Mas não basta a educação, é preciso uma mudança normativa. Muitas vezes, a mudança normativa exerce um papel pedagógico e é exatamente o caso da introdução do recall. Sem dúvida, dirão: mas o que adianta o recall? Fez-se um referendo sobre o porte de armas e o povo votou exatamente como queriam os conservadores, ou seja, cada um armado, todos nós armados para enfrentar a violência.

Acontece que, à medida que essas manifestações vão se sucedendo, o povo se dá conta de que o poder está com ele. E que aquele que exerce o poder por eleição deve prestar contas. [...] Qualquer um de nós, quando atribui poderes a alguém para atuar em seu nome, manifesta confiança. No momento em que cessa essa relação de confiança, o mandato deve ser interrompido.

O recall não é, de forma alguma, uma medida revolucionária. Nos Estados Unidos, 18 Estados da Federação têm o recall. Dois Estados - Michigan e Oregon - têm o recall desde 1908 [Senador Mão Santa]. Não consta que o recall tenha sido uma causa de rebeliões ou de obstáculo ao governo democrático.

[...]

Pois bem, nós temos agora três propostas de emenda constitucional objetivando a introdução dessa revogação popular de mandatos eletivos. A Proposta de Emenda Constitucional 80, de 2003, a 82, de 2003, e a 73, de 2005.

Eu devo dizer [ponderou Fábio Konder Comparato] que a Proposta de Emenda Constitucional nº 80, de 2003, me parece demasiadamente sintética e, na verdade, deixa tudo ao legislador ordinário. Não me parece conveniente trilhar esse caminho.

A Proposta de Emenda Constitucional nº 82, de 2003, do sempre lembrado e saudoso Senador Jefferson Péres - que Deus o tenha -, não aplica o recall aos Parlamentares eleitos pelo sistema proporcional, e isto me parece uma falha na concepção da revogação popular de mandatos eletivos.

Quanto à Proposta de Emenda Constitucional nº 73, de 2005, ela propõe que seja aplicado o recall a todos os agentes políticos eleitos.

A Câmara dos Deputados, como os seus integrantes são eleitos pelo sistema proporcional, a Proposta de Emenda Constitucional nº 73, de 2005, propõe a dissolução da Câmara, o que também não é uma medida revolucionária. No sistema parlamentar é normal, quando o Presidente da República entende que o Parlamento perdeu, na sua maioria, a confiança da população, é normal dissolvê-lo.

Na Proposta nº 73, de 2005, há um componente muito mais democrático do que no Sistema Parlamentar de Governo, porque a dissolução da Câmara é decidida pelo próprio povo. Ou seja, não há donos do poder. O povo concede poder, mas também pode revogá-lo.

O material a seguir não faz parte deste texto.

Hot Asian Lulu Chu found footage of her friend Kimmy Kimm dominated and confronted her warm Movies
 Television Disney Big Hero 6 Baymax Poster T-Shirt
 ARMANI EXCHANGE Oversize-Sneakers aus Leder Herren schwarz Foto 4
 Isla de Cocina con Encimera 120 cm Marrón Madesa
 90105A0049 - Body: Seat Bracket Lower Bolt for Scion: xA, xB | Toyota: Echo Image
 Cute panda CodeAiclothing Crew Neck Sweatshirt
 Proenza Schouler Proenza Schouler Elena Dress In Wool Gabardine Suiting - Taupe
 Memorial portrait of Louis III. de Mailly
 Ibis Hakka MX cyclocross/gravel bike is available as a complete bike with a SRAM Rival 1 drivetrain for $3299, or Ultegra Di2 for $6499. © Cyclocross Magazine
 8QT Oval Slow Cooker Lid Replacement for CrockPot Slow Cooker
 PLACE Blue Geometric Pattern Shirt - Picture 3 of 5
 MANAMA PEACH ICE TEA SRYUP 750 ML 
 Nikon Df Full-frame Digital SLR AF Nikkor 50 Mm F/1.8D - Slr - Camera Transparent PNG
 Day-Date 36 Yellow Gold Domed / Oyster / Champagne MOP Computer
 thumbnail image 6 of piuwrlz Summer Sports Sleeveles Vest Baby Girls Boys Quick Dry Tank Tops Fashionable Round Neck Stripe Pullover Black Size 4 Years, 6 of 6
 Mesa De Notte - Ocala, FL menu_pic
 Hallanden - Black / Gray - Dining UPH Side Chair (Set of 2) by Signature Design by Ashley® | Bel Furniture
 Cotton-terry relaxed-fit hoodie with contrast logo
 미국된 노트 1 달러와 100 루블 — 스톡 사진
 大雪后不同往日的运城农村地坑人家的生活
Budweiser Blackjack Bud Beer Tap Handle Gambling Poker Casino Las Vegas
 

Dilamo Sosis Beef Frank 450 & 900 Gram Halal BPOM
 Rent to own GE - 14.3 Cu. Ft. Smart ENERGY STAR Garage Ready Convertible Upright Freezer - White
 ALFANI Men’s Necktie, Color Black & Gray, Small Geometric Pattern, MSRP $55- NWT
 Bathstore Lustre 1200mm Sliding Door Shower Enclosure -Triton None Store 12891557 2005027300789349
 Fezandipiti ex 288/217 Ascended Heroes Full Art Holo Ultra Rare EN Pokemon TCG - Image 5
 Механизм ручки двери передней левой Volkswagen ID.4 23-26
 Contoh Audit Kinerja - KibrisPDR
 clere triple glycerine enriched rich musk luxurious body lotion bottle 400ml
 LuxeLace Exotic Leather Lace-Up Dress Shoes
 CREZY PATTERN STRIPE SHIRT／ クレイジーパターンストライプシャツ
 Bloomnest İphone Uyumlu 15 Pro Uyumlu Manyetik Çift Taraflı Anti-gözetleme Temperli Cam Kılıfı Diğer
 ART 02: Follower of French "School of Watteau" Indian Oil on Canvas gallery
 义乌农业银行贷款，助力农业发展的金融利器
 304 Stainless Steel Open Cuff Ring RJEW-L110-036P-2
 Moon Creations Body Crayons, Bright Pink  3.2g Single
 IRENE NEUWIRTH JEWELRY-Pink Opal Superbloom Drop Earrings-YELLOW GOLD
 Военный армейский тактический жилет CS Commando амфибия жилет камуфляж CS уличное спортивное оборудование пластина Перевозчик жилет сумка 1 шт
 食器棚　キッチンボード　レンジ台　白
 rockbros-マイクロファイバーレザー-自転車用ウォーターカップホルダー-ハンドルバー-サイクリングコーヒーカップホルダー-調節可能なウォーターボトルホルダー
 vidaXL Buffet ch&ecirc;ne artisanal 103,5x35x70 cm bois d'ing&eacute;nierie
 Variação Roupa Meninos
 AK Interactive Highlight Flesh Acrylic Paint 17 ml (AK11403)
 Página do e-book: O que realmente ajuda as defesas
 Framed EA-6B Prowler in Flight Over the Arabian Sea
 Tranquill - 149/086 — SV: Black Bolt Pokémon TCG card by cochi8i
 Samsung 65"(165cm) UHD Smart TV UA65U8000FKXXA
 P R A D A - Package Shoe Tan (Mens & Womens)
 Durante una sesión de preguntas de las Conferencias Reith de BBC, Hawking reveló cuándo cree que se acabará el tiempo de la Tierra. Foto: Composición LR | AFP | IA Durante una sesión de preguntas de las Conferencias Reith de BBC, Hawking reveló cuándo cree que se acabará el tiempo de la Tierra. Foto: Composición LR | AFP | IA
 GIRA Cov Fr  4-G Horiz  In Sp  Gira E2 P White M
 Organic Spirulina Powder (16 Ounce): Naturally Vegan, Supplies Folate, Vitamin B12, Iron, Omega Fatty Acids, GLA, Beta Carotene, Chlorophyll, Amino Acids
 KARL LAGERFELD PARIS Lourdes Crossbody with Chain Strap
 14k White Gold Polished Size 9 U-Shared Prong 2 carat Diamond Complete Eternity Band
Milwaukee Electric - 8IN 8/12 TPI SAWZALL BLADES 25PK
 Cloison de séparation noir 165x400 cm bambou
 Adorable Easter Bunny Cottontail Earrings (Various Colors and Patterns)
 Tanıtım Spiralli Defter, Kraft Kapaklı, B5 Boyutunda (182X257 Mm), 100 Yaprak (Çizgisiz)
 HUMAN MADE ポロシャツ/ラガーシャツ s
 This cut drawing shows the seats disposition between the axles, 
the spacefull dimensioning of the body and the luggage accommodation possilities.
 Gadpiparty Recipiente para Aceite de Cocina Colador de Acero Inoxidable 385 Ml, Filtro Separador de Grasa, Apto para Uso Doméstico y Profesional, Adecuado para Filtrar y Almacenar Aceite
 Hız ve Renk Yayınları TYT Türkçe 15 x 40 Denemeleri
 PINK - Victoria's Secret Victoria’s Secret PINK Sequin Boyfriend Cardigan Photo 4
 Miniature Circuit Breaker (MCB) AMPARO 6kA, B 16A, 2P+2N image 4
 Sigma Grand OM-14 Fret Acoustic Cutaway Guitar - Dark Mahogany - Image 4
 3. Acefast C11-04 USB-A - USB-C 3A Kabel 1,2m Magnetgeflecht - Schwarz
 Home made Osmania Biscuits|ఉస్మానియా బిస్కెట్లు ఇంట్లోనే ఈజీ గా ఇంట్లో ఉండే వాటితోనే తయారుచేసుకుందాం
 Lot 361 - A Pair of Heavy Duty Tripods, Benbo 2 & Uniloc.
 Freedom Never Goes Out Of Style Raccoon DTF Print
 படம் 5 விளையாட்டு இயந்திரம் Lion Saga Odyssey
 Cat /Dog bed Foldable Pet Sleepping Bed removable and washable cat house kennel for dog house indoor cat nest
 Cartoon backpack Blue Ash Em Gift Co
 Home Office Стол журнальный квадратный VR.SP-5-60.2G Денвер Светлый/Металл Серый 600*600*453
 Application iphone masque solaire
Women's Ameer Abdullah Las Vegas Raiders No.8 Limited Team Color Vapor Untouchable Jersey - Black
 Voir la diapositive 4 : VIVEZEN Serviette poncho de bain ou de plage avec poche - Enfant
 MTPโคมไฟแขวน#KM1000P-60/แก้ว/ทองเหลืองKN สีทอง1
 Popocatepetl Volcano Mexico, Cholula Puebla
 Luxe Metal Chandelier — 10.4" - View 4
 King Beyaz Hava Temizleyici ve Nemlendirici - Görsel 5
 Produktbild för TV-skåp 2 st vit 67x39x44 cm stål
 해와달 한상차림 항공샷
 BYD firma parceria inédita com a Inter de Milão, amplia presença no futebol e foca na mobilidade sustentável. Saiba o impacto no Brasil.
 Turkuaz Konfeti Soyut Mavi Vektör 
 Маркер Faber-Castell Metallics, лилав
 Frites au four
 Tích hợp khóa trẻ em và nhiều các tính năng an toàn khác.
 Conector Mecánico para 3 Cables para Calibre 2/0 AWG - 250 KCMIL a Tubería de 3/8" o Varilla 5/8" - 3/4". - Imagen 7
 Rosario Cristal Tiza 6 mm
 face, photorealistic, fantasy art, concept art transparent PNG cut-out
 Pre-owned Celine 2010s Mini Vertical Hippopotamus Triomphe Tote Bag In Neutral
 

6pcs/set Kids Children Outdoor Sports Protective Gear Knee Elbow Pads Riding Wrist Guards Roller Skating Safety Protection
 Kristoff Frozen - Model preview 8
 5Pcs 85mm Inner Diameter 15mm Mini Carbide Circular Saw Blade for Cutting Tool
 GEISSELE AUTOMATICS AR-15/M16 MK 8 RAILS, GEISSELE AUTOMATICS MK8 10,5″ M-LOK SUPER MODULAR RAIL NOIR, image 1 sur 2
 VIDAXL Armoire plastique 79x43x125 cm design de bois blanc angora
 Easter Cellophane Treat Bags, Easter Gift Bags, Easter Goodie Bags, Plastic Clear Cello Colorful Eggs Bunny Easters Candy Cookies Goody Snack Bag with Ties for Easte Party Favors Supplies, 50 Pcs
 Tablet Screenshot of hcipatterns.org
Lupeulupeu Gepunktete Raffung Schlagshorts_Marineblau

A Proposta nº 73, de 2005, contém a iniciativa popular para a realização de recall, como nos Estados Unidos é habitual.

Em relação ao Presidente da República, ela propõe também que a destituição do Presidente possa ser feita por iniciativa da maioria absoluta dos membros do Congresso Nacional, mas a decisão é do povo, portanto uma diferença muito grande em relação ao impeachment, que é uma decisão puramente parlamentar. E, finalmente, propõe que Estados, Municípios e Distrito Federal regulem o recall em suas respectivas Constituições e leis orgânicas.

           Das palavras do professor Fábio Konder Comparato, retira-se, assim, a concepção de que devemos refutar a ideia de que a democracia participativa somente funciona em pequenas comunidades. Sabemos, todos, que a essência de uma Constituição é a limitação de poder. O povo, como guardião e garante de seus direitos, necessita estar atento à necessidade de, se necessário, conter o poder de seus representantes. Assim, precisamos equipar o indivíduo com direitos efetivos para que, no mais curto prazo, possa avaliar e revogar os mandatos de seus representantes políticos, quando houver quebra de confiança.

            Como primeiro signatário da PEC Nº 73, de 2005, avalio ser muito oportuno prosseguir, no Senado Federal, com esse debate sobre a democracia participativa, no que peço a atenção das Srªs Senadoras, dos Srs. Senadores e da sociedade em geral para todas as propostas de emenda à Constituição que tratam da matéria, a fim de respondermos a questão proposta pelo Professor Fábio Konder Comparato: “vamos continuar mantendo o povo brasileiro na condição de menor impúbere permanentemente ou vamos dar a ele, não uma soberania de fachada puramente simbólica, mas uma soberania efetiva?”.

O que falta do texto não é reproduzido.